What the exercise asks: Restate word for word the lines of the entries below, starting with the line that holds "Cavalier Dandelion Garden" and ending with the line that holds "Carnet A5 personnalisé en jute R-PET Ecru", and no others.

Exercise input:
------

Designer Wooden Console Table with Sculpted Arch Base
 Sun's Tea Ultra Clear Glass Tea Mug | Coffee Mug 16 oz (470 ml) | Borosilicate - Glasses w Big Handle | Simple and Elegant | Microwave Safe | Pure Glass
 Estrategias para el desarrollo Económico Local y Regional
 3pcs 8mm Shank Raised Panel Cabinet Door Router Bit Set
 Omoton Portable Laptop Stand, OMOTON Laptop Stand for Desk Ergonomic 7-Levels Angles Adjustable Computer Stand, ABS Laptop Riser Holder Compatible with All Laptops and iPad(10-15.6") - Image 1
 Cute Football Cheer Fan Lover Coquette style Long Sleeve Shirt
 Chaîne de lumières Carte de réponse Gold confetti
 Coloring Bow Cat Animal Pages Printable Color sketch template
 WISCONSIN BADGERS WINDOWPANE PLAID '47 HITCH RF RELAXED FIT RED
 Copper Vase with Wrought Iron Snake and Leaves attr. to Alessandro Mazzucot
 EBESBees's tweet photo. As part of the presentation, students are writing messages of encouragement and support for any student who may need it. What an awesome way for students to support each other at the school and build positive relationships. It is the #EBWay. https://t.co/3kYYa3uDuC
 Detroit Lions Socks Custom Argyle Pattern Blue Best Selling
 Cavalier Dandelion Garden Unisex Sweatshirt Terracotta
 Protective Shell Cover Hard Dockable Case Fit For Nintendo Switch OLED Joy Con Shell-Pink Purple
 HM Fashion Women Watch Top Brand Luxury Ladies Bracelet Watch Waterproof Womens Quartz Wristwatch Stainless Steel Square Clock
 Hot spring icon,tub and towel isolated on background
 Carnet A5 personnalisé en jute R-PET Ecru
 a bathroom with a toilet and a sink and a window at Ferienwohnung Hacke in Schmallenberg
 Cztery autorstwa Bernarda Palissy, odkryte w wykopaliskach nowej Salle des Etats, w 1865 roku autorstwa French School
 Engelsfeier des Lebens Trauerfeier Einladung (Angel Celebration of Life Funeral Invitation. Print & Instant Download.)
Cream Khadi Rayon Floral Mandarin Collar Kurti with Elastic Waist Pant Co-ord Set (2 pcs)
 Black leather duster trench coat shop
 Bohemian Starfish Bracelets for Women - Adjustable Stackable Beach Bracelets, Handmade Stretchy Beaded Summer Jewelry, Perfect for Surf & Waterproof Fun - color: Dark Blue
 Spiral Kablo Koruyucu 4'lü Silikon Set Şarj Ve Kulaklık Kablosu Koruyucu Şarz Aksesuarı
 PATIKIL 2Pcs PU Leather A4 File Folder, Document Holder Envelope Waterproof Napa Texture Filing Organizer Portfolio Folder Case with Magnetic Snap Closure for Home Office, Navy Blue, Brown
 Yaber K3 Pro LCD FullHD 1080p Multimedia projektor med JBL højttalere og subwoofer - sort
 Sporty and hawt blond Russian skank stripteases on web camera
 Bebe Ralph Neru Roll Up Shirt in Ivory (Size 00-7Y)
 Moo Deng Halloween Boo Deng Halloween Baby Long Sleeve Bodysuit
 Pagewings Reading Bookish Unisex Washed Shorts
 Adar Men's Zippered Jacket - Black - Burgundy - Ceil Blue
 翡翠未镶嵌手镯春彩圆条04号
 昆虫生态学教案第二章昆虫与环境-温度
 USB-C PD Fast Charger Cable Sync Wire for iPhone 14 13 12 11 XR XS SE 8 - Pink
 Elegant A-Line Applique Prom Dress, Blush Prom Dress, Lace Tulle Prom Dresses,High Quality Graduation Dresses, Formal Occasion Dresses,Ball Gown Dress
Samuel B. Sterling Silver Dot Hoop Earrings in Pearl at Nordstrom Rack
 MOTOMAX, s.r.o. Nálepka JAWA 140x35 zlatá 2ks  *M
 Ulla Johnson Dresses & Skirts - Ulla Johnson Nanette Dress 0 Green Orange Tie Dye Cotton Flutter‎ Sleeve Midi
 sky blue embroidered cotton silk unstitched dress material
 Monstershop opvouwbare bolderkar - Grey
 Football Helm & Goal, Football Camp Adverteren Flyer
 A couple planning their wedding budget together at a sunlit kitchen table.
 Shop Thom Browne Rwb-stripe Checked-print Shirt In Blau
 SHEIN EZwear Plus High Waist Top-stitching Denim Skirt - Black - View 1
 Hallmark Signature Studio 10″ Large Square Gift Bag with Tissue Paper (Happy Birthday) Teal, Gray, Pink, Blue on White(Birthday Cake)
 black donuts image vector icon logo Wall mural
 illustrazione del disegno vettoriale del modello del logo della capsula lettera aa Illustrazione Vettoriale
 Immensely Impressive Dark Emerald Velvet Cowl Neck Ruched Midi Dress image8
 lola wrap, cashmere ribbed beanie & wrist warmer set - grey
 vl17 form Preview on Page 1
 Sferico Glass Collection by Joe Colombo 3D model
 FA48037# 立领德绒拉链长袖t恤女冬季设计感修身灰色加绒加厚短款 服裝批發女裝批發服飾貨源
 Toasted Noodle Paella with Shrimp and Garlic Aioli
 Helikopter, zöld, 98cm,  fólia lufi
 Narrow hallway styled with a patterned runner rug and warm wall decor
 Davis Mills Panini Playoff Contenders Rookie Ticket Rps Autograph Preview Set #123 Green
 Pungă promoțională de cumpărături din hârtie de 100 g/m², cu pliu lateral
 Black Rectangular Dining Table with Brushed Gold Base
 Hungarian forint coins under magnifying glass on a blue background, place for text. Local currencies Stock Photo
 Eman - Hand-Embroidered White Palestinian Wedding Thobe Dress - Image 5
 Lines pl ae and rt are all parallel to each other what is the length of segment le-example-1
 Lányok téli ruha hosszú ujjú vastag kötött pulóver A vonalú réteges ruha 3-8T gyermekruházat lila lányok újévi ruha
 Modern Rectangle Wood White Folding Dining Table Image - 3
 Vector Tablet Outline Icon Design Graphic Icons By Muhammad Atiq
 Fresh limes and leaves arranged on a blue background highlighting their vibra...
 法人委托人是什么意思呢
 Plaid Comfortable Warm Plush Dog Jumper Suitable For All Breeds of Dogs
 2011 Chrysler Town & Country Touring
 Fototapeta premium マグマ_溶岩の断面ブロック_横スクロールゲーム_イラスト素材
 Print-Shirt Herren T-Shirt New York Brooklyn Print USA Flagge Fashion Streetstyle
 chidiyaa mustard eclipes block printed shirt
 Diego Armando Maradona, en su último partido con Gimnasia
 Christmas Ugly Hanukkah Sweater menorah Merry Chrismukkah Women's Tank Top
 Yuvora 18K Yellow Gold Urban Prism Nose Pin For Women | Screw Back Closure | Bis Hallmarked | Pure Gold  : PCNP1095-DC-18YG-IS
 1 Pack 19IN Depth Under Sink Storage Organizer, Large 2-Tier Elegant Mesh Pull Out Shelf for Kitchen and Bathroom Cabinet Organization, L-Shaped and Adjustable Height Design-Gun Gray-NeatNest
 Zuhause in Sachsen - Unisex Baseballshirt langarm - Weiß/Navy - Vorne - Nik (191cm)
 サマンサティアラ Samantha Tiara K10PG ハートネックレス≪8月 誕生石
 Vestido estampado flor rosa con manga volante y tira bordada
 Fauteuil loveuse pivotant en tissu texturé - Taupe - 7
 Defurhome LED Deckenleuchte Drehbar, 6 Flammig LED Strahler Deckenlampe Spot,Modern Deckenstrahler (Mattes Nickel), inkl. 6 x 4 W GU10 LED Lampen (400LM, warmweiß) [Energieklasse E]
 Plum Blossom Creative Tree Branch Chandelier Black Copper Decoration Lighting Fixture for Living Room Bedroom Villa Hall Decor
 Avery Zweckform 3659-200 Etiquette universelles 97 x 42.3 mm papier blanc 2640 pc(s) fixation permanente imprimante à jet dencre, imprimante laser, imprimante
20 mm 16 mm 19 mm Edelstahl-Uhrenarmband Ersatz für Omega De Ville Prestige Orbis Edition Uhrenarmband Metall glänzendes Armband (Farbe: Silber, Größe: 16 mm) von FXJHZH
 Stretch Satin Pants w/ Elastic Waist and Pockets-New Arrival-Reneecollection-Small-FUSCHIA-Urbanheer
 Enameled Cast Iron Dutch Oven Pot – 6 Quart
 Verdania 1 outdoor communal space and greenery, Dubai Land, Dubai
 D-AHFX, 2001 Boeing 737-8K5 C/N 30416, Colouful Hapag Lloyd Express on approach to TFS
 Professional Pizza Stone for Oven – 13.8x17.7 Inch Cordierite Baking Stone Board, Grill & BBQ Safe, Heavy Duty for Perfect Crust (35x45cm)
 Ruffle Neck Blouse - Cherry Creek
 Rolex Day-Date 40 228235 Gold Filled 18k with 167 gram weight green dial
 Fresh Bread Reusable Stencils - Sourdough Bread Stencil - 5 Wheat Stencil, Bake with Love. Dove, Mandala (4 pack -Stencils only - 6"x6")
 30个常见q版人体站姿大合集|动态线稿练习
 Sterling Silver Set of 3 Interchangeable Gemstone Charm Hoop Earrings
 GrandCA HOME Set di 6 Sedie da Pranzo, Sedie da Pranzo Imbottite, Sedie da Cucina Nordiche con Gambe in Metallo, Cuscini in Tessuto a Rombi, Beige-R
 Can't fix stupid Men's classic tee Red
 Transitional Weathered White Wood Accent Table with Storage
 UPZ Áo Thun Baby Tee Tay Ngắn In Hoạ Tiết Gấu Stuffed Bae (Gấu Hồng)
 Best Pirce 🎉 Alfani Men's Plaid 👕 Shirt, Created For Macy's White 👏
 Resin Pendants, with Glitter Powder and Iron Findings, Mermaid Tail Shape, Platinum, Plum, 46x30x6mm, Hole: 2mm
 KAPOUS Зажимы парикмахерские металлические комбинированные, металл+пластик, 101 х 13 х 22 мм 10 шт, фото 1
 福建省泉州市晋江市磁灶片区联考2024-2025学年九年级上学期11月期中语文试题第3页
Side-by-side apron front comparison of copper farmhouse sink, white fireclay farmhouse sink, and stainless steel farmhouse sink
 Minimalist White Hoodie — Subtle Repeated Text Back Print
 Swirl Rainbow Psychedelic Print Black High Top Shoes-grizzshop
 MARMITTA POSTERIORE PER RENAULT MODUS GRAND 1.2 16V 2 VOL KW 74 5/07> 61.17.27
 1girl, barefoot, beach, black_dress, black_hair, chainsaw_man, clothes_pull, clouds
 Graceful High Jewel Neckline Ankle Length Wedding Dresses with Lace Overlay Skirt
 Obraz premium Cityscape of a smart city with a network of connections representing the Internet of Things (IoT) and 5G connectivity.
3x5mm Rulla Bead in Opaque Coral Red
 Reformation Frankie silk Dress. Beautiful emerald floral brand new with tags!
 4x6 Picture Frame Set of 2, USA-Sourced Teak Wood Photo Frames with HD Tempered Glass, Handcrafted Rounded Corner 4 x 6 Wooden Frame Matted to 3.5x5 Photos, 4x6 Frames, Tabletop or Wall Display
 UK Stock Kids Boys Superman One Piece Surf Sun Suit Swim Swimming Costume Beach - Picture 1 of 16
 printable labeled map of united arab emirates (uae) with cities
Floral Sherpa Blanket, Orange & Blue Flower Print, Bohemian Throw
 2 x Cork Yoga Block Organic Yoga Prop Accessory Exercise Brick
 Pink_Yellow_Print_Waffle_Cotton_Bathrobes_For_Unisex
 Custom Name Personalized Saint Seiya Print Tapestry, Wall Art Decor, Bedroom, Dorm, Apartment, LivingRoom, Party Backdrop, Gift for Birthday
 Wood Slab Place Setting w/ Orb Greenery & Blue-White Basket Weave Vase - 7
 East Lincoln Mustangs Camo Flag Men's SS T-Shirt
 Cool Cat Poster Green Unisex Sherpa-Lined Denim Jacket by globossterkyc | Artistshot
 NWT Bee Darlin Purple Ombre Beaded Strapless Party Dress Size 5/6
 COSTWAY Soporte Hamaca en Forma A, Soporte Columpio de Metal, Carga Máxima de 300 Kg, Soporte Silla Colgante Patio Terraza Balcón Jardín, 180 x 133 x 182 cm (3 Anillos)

------

The answer:
 Cavalier Dandelion Garden Unisex Sweatshirt Terracotta
 Protective Shell Cover Hard Dockable Case Fit For Nintendo Switch OLED Joy Con Shell-Pink Purple
 HM Fashion Women Watch Top Brand Luxury Ladies Bracelet Watch Waterproof Womens Quartz Wristwatch Stainless Steel Square Clock
 Hot spring icon,tub and towel isolated on background
 Carnet A5 personnalisé en jute R-PET Ecru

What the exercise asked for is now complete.